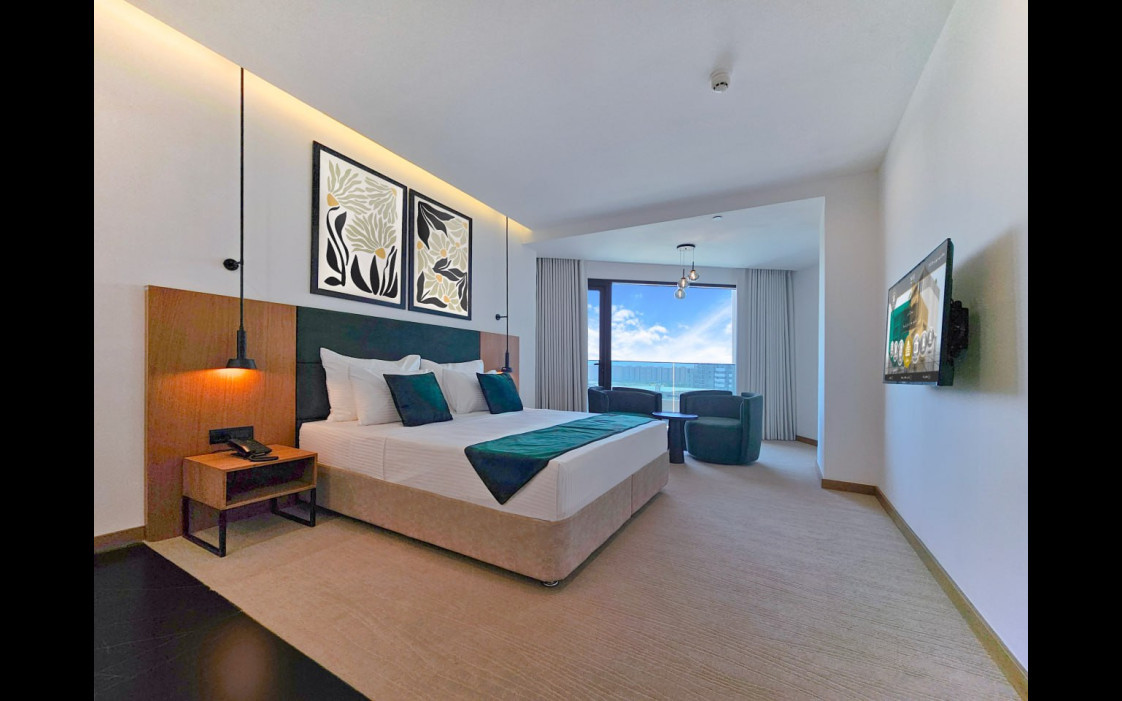 هتل سیزنز اصفهان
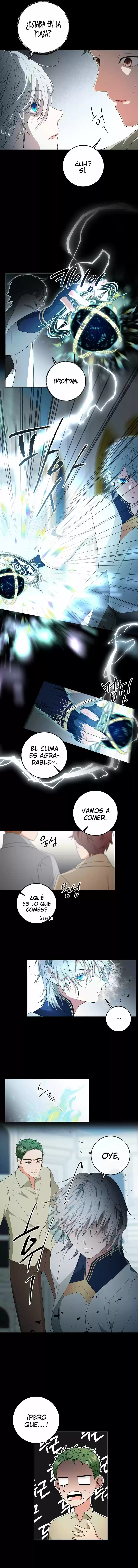 Sponte Dei - Capítulo 16 - Página 11 - LectorTMOo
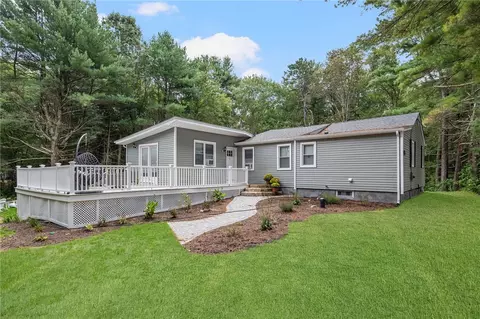 9 Stuart Dr, Coventry, RI 02816 photo 1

• **WHAT TO PRODUCE**
Copy the listing character for character, pictures omitted.

• **EXERCISE SOLUTION**
 هتل سیزنز اصفهان
 Sponte Dei - Capítulo 16 - Página 11 - LectorTMOo
 9 Stuart Dr, Coventry, RI 02816 photo 1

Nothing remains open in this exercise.